● TASK TO COMPLETE
When copying the data below, keep only the lines from the one with "Modern Nordic Led" through the one with "Infinix Hot 60", word for word, and skip the pictures.

● EXTRACTED INFORMATION
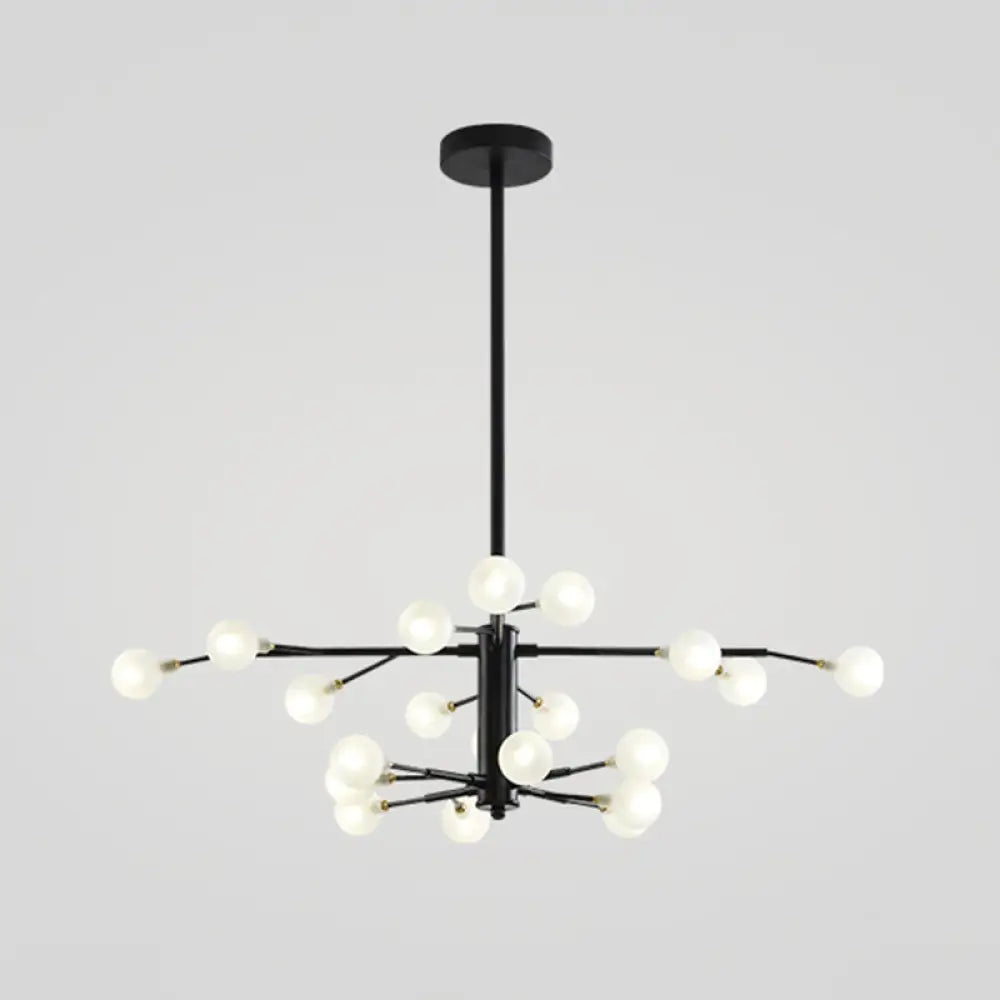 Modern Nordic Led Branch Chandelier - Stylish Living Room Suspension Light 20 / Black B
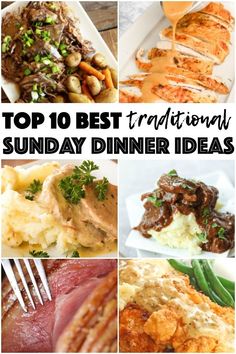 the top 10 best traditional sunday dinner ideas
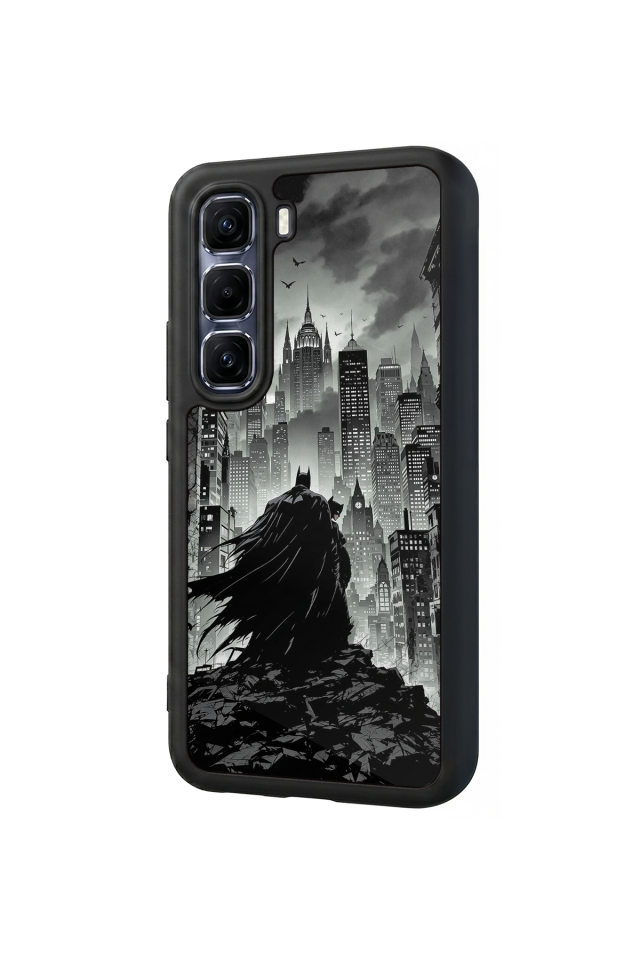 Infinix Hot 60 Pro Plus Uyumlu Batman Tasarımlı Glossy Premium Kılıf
---
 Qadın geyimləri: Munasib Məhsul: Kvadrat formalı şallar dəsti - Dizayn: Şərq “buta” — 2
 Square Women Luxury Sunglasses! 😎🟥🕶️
* * *
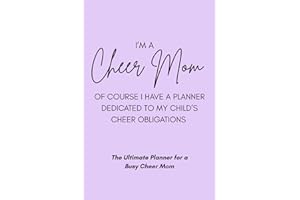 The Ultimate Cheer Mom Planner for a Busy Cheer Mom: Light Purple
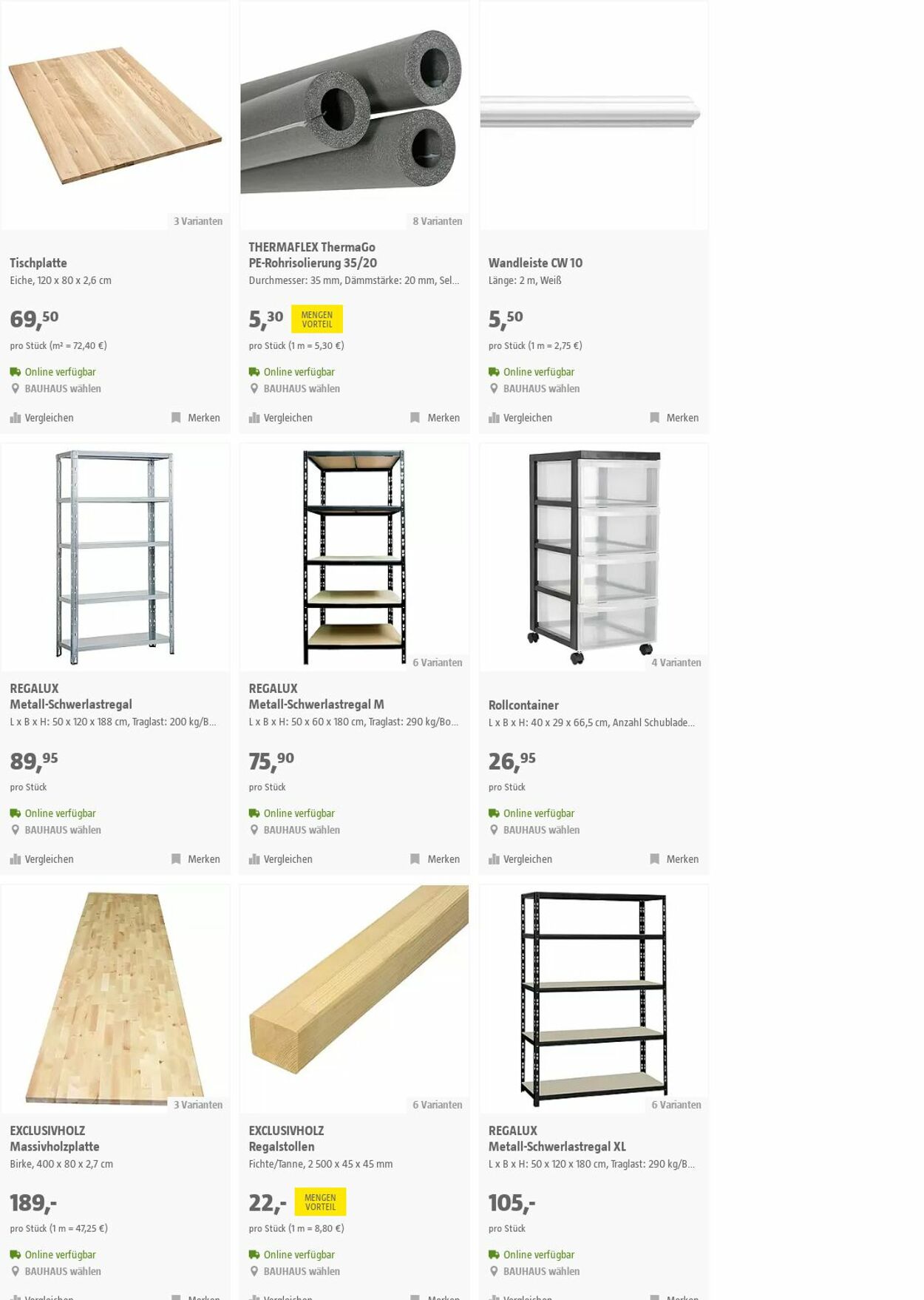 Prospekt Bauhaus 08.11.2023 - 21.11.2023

● OUTPUT OF THE EXERCISE
 Modern Nordic Led Branch Chandelier - Stylish Living Room Suspension Light 20 / Black B
 the top 10 best traditional sunday dinner ideas
 Infinix Hot 60 Pro Plus Uyumlu Batman Tasarımlı Glossy Premium Kılıf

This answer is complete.